Steve Goldrick, PT, DPT is a licensed physical therapist with a clinical doctorate in physical therapy. He is board certified in orthopedics and provides patient care at Kitsap Physical Therapy in Silverdale, WA. He can be contacted at goldricksteve@gmail.com.

Andrew Bernstetter, PT, DPT is a licensed physical therapist with a clinical doctorate in physical therapy. He is board certified in orthopedics and provides patient care at Outpatient Physical Therapy in Kent, WA. He can be contacted at ABernstetter@outpatientpt.com.

Leonard H. Van Gelder, PT, DPT, ATC is a license physical therapist and athletic trainer with a clinical doctorate in physical therapy. He provides patient care at his clinic, Dynamic Principles L.L.C. in Grand Rapids, MI. He can be contacted at Leonard@dynamicprinciples.com.

Aaron Parr, PT, DPT is a licensed physical therapist with board certification in orthopedics and a clinical doctorate in physical therapy. He provides patient care at ProActive Physical Therapy in Tucson, AZ. He can be contacted at AParrqsi@gmail.com.

Kory Zimney, PT, DPT is a licensed physical therapist with a post professional clinical doctorate from Des Moines University. He is an associate professor at the University of South Dakota in the Department of Physical Therapy. He can be contacted at kory.zimney@usd.edu.
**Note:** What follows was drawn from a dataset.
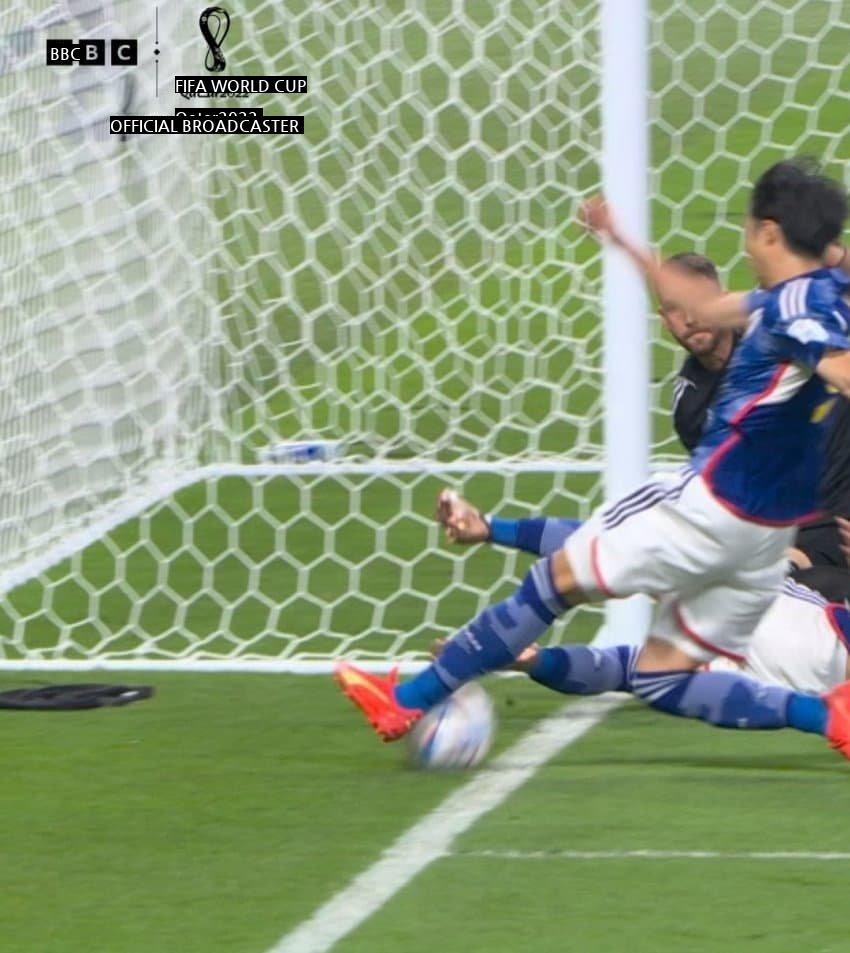 Japan goal. Isn't this a bad call?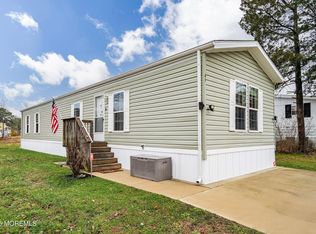 45 Beaver Avenue, Whiting, NJ 08759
Terry Cox, PT, DPT is a licensed physical therapist with a clinical doctorate in physical therapy. He is a professor in the physical therapy doctoral program at Southwest Baptist University. He can be contacted at tcox@sbuniv.edu.

Funding Statement

The authors affirm that they have no financial affiliation (including research funding) or involvement with any commercial organization that has a direct financial interest in any matter included in this manuscript.

Highlights

  • This study shows that the evaluation process by itself plays a big role in the improvement of patients with low back pain at the initial consultation, not just the treatment.

  • The history taking portion showed to have a larger effect over the physical exam on reducing pain and function during the initial evaluation.

  • The therapist reported level of connection did not alter the improvements in pain in function following the evaluation process.

Disclosure statement

No potential conflict of interest was reported by the authors.